La Posta
Detrazione del 36% a favore del familiare convivente
E’ possibile usufruire, in qualita' di padre del proprietario di un appartamento nel quale sono effettuati lavori di ristrutturazione, della detrazione del 36% delle spese sostenute per tali lavori, pur convivendo con lo stesso in un'altra abitazione. Il limite di detrazione imposto dalla legge va riferito a ciascun contribuente ammesso al beneficio fiscale oppure alla singola unita' immobiliare oggetto dei lavori?
L. Fagioli
La detrazione del 36% compete anche al familiare convivente (coniuge, parente entro il terzo grado e affine entro il secondo grado) del possessore o detentore dell'immobile sul quale vengono effettuati i lavori, purche' ne sostenga le spese (i bonifici di pagamento devono quindi, essere da lui eseguiti e le fatture devono essere a lui intestate). 

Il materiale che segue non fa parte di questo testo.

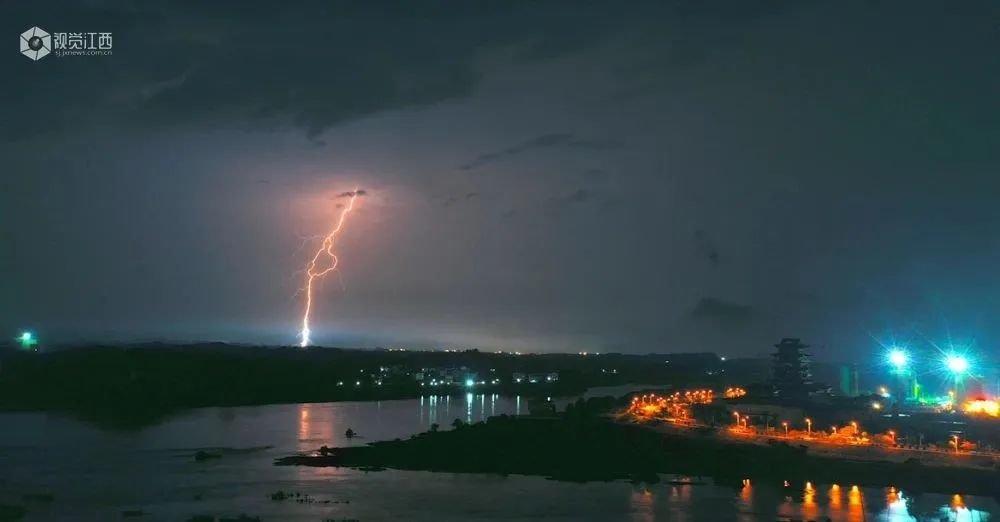 视觉江西 丁铭华 摄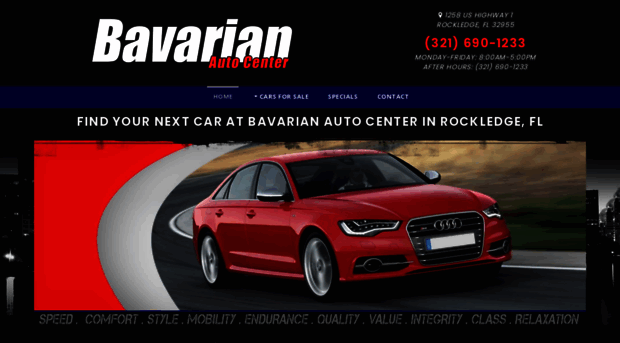 bavarianautocenter.com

Il familiare convivente con il possessore o detentore dell'immobile puo' usufruire dell'agevolazione se risultino essere effettivamente a suo carico le spese dei lavori gia' al momento dell'avvio della procedura coincidente con l'invio della dichiarazione di inizio lavori all'Amministrazione finanziaria. Non e' necessario invece che l'abitazione nella quale convivono "familiare" e intestatario dell'immobile costituisca per entrambi l'abitazione principale, mentre e' necessario che i lavori stessi siano effettuati su una delle abitazioni nelle quali si esplica il rapporto di convivenza.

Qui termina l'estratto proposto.